> _Provided data_:
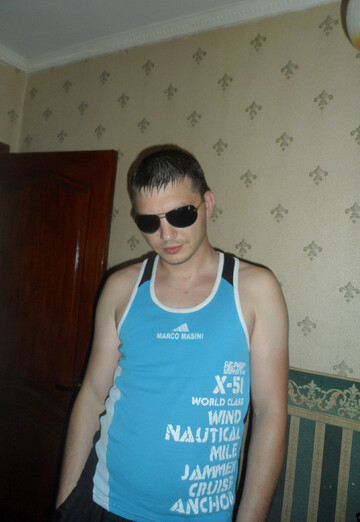 Моя фотография - александр, 39 из Борисоглебск (@aleksandr216483)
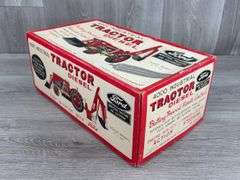 Ford 4000 Industrial Diesel RC, 12” W/O Backhoe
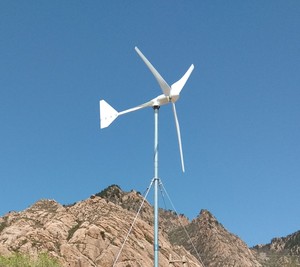 Generador Eólico de 2000W para Sistemas Aislados |   Núcleo de Cobre Real |   Funcionamiento Silencioso |   Parque Industrial para el Hogar |   Certificado CE e ISO NE-2000L - Product Image 4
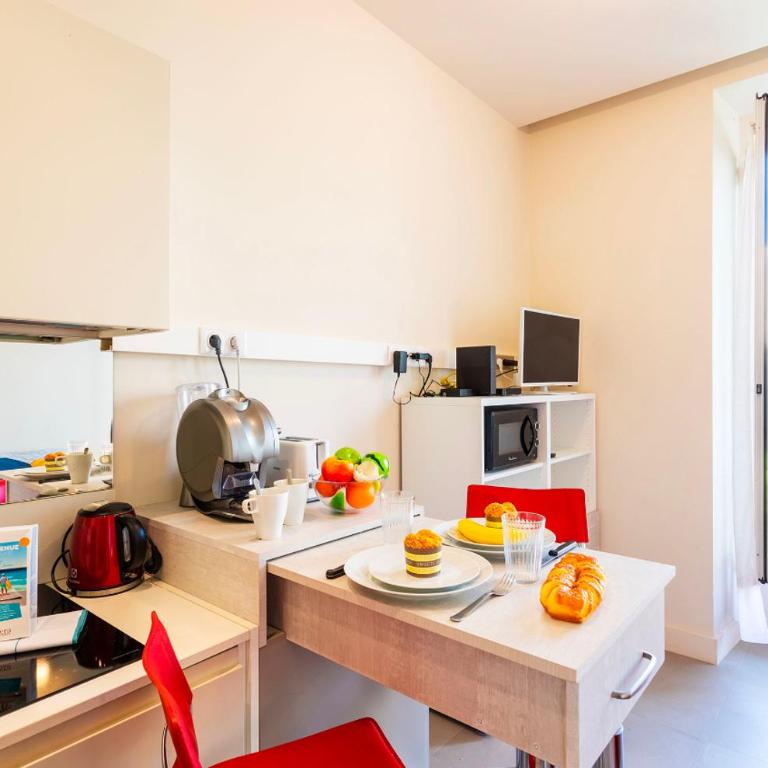 Studio hyper-centre de Nice - Appartement - 9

> _Your task_:
Set down all of the data word for word; no pictures belong in it.

> _Answer box_:
 Моя фотография - александр, 39 из Борисоглебск (@aleksandr216483)
 Ford 4000 Industrial Diesel RC, 12” W/O Backhoe
 Generador Eólico de 2000W para Sistemas Aislados |   Núcleo de Cobre Real |   Funcionamiento Silencioso |   Parque Industrial para el Hogar |   Certificado CE e ISO NE-2000L - Product Image 4
 Studio hyper-centre de Nice - Appartement - 9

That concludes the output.